Al Hassanab cemetery , al Khandaq , Northern State
The sheikhs’ burial places are regarded as holy and safe place to store objects. Infants and foetus are usually buried either next to a qubba or a sheikhs grave, females graves in certain areas are indicated by three tombstones
Al Hassanab cemetery , showing infants burial, al Khandaq, northern State
The position of these qubbas relative to Islamic archaeology is highly important, since a greater number of them are still standing. They present an architectural legacy whereby archaeology can trace origins and influences relative to earlier periods. This helps in clarifying the continuity and persistence of cultures in the Sudan, it shows Kushite, Meroitic , Christian and Islamic elements blended to the benefit of Islam.

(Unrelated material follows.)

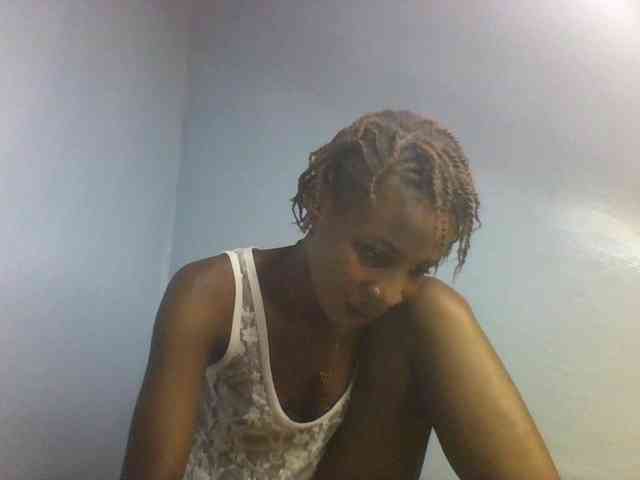 Karembo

They can be used to demonstrate the power of imported ideas, their sources and the circumstances associated with the importation of the new style.
Tha Qubba of Hamad , al khandaq, northern state
The Qubba of sheikh Ibrahim, Sinkat, Red Sea state
The qubba of Sorkati, Argo, Northern State
A Gubba, kerma vicinity, Nortern State
Qubbas at Wad Nemeiri, Northern State
Qubbas at Hameed, Northern State
The lesser shrines
Lesser shrines may be a simple mud or stone building, with or without roof, or a ring of crudely piled stones are of equal importance to qubbas when it comes to research and analysis, some of them were once mosques and khalwas in the neighbourhood before being turned into burial areas. The process of transformation starts when a sheikh dies. He will be buried without hesitation either in his khalwa room or next to it, and then a dome will be erected over the grave by his followers. His successor will follow in either inside the same gubba or a new one will be erected next to it. Other less important members of the family and close followers will be buried around the qubba, henceforth a cemetery is in the making and a khalwa is waning. Some of these simple shrines are also said to be the tombs. While a greater number commemorate places where a saint is reputed to have gone into retreat or to have performed a miracle or perhaps where he revealed himself in a dream (bayan).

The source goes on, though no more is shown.